* [DATASET EXCERPT]
►

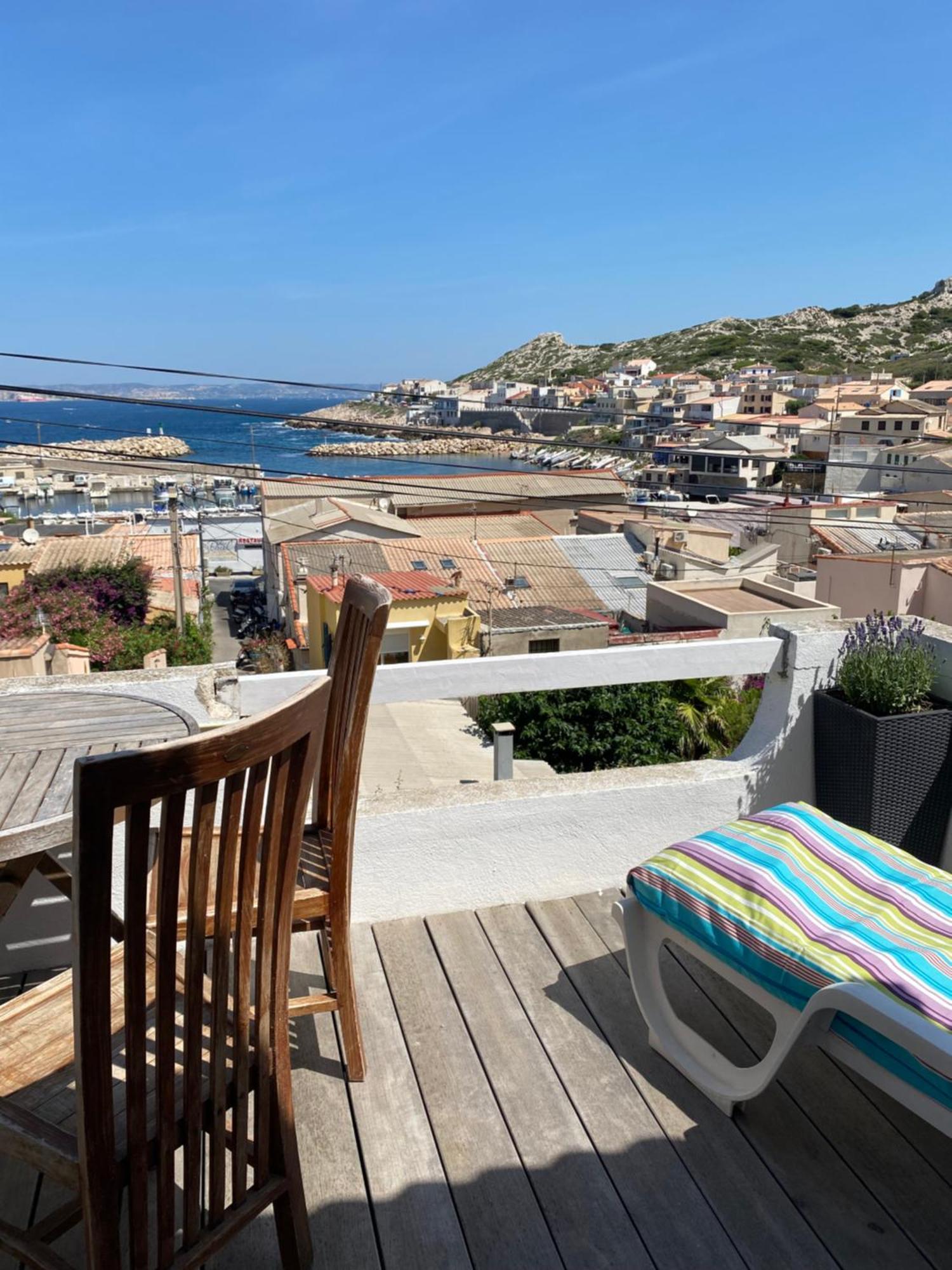 Au Coeur Du Parc National Du Massif Des Calanques, La Flibuste Des Goudes, Maison 2 Chambres, Climatisee, Jardins, Solarium, Proche Plage, Large Vue Mer Marsilia Exterior foto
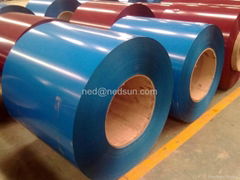 High quality color coated steel coil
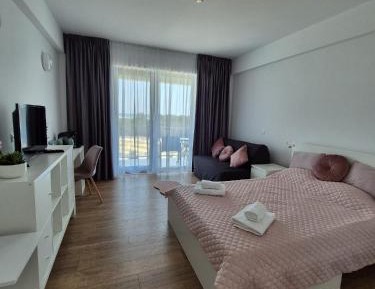 Double Room with Balcony and Sea View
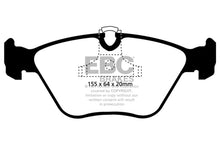 Load image into Gallery viewer, EBC 04-06 BMW X3 2.5 (E83) Greenstuff Front Brake Pads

◄

* [PROBLEM DETAILS] Beginning with the line containing "High quality color coated steel coil" and ending with the last line of the material, output each line exactly; do not include pictures.

* [RESULT]
 High quality color coated steel coil
 Double Room with Balcony and Sea View
 Load image into Gallery viewer, EBC 04-06 BMW X3 2.5 (E83) Greenstuff Front Brake Pads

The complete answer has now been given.